Beautiful shots! I've been using the same strategies of getting the shot I want without flash and playing with the macro settings. Love the results all around.

tiff said...

They are beautiful Lou. I love the purple flower. So gorgeous. Welcome home, by the way.

LceeL said...

Jientje: They had no idea what they were in for.

Zoeyjane: Some cameras will let you do more things than others - but any camera is better than no camera at all.

NicoleB: I have no macro lens - and those shots are as they came form the camera - except the last one - which I punched up in GIMP. I shoot RAW plus JPEG with each shot. I get TWO files.

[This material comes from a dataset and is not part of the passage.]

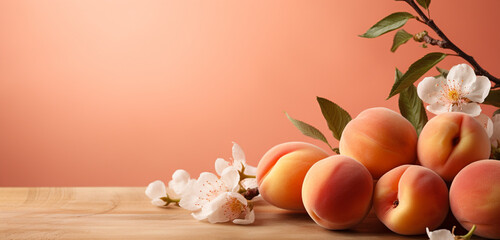 apricots on the table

Shadow: Oh, my. you are SO right.

Moneythoughts: No - thank YOU for looking.

Patsy: Yeah, they are cute, aren't they?

Kim: I have NO macro lens. Maybe someday. For n ow - I'll just get as close as the lens will allow.

Cathy: Inside EVERY 'crappy' snapshot photograph, is a better one. And cropping is how you find it.

Emily: It isn't always the camera - mostly - it's the eye behind the camera.

Ree: Soon, Ree. Very soon. And I'm glad you like the flowers.

That Bread Lady: It is that, ma'am.

Loraine: I need to learn white balance better, as well. And GIMP is great. Really.

Employee: They're coming, soon.

Joyce-Anne: Closer is better.

Honeybell: Thank you, ma'am.

Momisodes: Yeah - the group shot is a keeper.

Maggie's Mind: Thank you, Maggie.

Tiff: Thank you, ma;am. It's nice to be home. And I'm learning.

NicoleB said...

Question is, do you edit them in RAW format? Best with the software that came with your cam (if Canon does that).

M+B said...

I am glad you finally know the difference between chlamydia and clematis as that could have been an embarrassing mistake oneday!

I love the *shopped* purple clematis.

Hyphen Mama said...

Great pictures. I love the last one.